Later, Sleepwalker thwarts Cobweb's second attack and banishes his archenemy once and for all, before seemingly dying to save Rick Sheridan's life. However, Sleepwalker would later turn up alive and still trapped in Rick's mind.

Sleepwalker eventually gains the ability to interact with the real world again. He is seen investigating the after-effects of an explosion caused by the villainous Ringmaster. He had attempted to become more involved in the situation but was foiled by Rick's sleeping schedule.

Sleepwalker is seen as having become a registered superhuman under the Initiative after Alyssa Conover's death in an auto accident. He then appears alongside Machine Man and Agent Sum as a member of Ms. Marvel's Operation: Lightning Storm (by default, his human host Rick Sheridan becomes an unofficial member as well).
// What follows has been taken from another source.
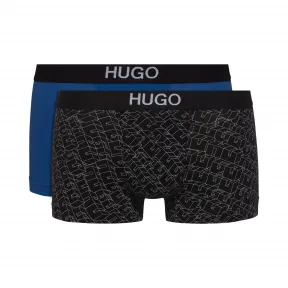 雨果博斯/Hugo Boss 男士印花纯色弹力棉泳裤两件装 hbas50403225009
During the Fantastic Four's confrontation with the Quiet Man, they recruited Sleepwalker's assistance to neutralize the threat posed by the heroes from Counter-Earth, reasoning that Sleepwalker was particularly suited to advise them on it, since Counter-Earth was basically Franklin Richards' dream. During his time on Counter-Earth, Sleepwalker noted that none of the human inhabitants there were real, as they did not have actual souls, allowing the FF to freely take them out, as they were not actually killing anyone.

Powers and abilities
Sleepwalker possesses superhuman strength, exceptional durability and resistance to injury, and flotation-like flight. He is also capable of the projection of crude images of what he's seen from his eyes. His only offensive power was his "warp gaze". With this vision-based power, Sleepwalker could alter the shape of physical objects and twist them to his purposes. He could also modify the physical characteristics of the objects he affected-making them harder or softer, for example. Sleepwalker initially demonstrated this power by using it to distort a sidewalk to capture a criminal. He also used this ability once on air molecules to create a wind tunnel for faster aerial travel. Owing to an oath sworn by all members of his race due to the great physical and mental pain it could cause, Sleepwalker tried not to use his warp beams on living entities.

The effects of the warp vision on living entities was demonstrated when Rick, trapped in Sleepwalker's body after an encounter with the Chain Gang, inadvertently used the beam on his former girlfriend Alyssa Conover, who was about to kill Sleepwalker in Rick's body. Sleepwalker's vision causes living bodies to twist and contort, causing intense physical agony in the process, although this effect is only temporary. The beam also has the side effect of breaking the mental control of any outside entity possessing the victim's mind, expelling the controller in the process. As a result, Rick unintentionally freed Alyssa from the domination of the Chain Gang, a tactic Sleepwalker himself would later adopt when freeing other people from the mental enslavement of Cobweb's minions, using his ability to detect mental enslavement to identify the humans who needed his help. In these cases, when he used his warp beams on their human victims, the humans suffered little to no mental trauma, only experiencing a mild shock that they quickly recovered from. Alyssa Conover, on the other hand, suffered both the physical pain of her contortion and a serious mental shock from the effects of Sleepwalker's warp beams, which according to Sleepwalker forced her to repeatedly experience her worst nightmares. It seems that the mindspawn demons, who had completely suppressed the wills of their human victims and had completely taken over their bodies, took the brunt of the blast. In Alyssa's case, on the other hand, the Chain Gang did not completely take over her body, but rather attempted to force her conscious mind to do their bidding, leaving her vulnerable to the full effects of the beam.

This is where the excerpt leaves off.